Kind of reminds me of the sausage-making process that resulted in IEEPA. Roger Majak, who was the staff director of what was then HCFA trade subcommittee and who is the nicest guy but not a lawyer, drafted IEEPA based on the presumption that TWEA 5(b) was the primary authority for all embargo rules, which was a true assumption for asset snatching and financial transactions controls, but not for trade controls: Trade is defined in TWEA section 2, and trade controls were authorized under section 3. Under standard rules of construction the fact that trade is specifically the subject of Section 3 means that it is excluded from section 5(b), so when Congress passed IEEPA it really only authorized foreign asset and financial transaction controls. Certainly, the Senate Report doesn’t mention trade controls. Furthermore, the EAA was the subject of the third chapter of the same statute that contained IEEPA, so no one can claim that the drafters were ignorant of the existence of EAA. So reliance on IEEPA for statutory authority for trade controls is meretricious at best.

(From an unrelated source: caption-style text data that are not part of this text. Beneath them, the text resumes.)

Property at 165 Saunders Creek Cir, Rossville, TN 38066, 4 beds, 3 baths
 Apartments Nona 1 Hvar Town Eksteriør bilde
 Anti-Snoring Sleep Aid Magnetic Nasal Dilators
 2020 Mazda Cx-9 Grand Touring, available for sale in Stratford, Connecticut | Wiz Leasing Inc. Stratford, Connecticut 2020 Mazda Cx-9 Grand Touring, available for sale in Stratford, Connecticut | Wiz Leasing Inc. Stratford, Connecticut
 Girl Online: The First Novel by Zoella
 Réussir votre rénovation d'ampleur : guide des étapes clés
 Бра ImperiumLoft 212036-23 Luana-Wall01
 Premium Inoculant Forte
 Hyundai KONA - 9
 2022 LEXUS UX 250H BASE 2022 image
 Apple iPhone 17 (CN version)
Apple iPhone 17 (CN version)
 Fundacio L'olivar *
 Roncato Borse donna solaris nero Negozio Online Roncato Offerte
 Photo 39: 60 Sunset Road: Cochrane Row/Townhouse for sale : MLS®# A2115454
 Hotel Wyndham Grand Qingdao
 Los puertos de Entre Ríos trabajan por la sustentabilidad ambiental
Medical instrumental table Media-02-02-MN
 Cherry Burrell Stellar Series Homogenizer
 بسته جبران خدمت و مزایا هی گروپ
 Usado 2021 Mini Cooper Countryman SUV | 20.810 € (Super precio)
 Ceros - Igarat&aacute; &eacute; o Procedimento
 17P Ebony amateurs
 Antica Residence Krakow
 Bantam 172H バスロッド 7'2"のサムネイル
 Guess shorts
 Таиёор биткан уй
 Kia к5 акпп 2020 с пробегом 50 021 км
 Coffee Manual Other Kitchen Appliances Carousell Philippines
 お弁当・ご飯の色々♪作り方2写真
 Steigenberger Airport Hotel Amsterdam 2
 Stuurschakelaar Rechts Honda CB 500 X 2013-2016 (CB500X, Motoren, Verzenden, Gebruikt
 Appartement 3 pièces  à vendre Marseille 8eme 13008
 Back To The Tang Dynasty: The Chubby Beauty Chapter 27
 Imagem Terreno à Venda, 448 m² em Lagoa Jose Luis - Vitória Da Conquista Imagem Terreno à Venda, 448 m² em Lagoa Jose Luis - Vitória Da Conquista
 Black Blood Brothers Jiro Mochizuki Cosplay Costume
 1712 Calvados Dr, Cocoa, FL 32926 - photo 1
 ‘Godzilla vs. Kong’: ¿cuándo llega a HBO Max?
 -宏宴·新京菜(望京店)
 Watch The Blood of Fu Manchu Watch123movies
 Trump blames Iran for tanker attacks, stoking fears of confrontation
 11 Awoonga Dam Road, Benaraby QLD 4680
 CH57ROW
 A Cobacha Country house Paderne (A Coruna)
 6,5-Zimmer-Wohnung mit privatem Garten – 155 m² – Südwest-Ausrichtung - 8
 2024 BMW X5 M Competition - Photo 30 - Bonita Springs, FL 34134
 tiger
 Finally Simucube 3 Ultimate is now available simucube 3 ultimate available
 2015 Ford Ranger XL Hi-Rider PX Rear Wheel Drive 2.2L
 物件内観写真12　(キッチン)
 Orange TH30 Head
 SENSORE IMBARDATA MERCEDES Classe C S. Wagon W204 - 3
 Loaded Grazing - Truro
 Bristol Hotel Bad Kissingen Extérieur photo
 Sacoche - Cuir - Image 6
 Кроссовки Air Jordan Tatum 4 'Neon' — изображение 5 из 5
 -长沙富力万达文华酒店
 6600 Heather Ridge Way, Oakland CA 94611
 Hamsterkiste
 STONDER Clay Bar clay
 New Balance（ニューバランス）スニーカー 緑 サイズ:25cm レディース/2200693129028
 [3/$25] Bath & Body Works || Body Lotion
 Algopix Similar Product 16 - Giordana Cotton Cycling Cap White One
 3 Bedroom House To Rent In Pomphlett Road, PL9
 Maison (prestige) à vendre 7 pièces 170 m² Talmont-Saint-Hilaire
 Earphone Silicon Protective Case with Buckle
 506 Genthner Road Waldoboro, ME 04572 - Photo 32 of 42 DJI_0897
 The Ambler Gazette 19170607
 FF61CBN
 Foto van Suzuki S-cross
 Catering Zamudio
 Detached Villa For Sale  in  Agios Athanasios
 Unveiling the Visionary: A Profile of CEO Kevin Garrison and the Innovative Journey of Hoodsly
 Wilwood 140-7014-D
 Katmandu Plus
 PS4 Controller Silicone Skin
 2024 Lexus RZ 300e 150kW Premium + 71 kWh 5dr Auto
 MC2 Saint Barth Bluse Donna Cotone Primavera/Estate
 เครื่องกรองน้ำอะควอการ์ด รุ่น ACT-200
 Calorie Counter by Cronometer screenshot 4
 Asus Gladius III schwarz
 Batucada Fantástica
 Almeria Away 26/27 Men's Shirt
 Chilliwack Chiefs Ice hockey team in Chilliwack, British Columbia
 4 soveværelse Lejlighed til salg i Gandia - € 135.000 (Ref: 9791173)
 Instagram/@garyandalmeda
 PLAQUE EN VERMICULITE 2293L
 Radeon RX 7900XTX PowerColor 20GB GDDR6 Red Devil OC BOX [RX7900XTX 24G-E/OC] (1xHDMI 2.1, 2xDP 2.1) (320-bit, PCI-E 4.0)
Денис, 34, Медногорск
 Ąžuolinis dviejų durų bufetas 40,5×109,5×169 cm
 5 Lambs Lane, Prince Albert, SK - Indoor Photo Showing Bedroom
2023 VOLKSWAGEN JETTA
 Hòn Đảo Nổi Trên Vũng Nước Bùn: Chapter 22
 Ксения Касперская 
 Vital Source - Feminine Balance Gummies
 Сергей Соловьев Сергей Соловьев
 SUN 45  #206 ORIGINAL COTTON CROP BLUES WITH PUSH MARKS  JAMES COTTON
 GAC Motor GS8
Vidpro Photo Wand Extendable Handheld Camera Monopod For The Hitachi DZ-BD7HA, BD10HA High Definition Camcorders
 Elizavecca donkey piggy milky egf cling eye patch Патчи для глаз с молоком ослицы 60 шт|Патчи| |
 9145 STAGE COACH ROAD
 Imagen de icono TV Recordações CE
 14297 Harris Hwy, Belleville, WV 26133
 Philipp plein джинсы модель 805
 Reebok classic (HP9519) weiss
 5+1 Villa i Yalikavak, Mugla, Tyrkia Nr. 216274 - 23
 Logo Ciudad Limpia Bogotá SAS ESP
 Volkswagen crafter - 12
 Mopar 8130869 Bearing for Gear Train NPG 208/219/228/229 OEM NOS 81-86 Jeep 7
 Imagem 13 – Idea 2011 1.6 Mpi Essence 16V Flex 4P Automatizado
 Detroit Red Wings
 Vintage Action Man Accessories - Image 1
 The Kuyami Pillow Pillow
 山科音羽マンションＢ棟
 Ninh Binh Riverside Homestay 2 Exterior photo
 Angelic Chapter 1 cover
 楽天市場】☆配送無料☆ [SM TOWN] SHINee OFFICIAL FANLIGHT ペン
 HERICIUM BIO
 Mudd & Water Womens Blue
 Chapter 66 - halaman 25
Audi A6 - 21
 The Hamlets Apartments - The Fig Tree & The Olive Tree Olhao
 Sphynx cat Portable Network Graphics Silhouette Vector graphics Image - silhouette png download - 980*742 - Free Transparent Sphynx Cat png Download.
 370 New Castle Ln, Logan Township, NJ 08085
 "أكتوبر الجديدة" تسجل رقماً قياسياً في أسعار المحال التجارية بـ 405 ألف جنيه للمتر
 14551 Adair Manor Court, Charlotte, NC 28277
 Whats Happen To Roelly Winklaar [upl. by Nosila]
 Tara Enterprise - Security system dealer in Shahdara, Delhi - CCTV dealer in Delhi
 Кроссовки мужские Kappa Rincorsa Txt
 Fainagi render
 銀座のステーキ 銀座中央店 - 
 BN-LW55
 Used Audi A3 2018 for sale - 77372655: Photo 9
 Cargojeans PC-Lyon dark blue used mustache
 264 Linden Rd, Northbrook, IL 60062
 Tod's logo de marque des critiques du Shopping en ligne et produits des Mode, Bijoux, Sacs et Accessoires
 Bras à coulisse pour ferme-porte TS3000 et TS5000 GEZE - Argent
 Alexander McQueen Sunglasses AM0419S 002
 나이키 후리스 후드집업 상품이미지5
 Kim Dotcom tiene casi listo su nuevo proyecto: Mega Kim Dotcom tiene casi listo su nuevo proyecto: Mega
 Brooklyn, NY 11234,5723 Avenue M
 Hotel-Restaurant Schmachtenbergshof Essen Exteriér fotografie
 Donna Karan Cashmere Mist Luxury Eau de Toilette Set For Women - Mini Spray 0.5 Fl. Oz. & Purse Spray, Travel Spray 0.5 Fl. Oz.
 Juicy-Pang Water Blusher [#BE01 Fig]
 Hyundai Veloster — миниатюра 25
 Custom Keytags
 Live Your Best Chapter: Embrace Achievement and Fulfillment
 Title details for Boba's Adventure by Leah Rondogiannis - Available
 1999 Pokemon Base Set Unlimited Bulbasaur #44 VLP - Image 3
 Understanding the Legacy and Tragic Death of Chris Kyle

Given the negative impact of the trade deficit on GDP, its about time Congress gave serious attention to exporting. The time for amateur hour when drafting export control statutes is over.

Comment by Hillbilly on May 22nd, 2009 @ 10:37 am

IEEPEA also arguably changed the scienter requirement for criminal prosecutions from willfully violating IEEPA to willfully committing an unlawful act. That brings it closer to the way DoJ has been drafting indictments and arguing in recent criminal cases, i.e., instead of tracking the words of the statute, DoJ has been crafting the indictments as willfully exporting without a license, which they know most juries and certain judges will interpret as simply (1) willfully exporting and (2) not having a license, instead of willfully violating some very complex regulations. Most jurors go into the court with the misconception that you have to have a license for all exports or at least for exporting and once some AUSA proves that the defendant knew it was exporting something to some “foreigner”, juries are ready to hang the defendant themselves. Amending the AECA to mirror IEEPEA will increase juror confusion and let DoJ rack up a higher body count.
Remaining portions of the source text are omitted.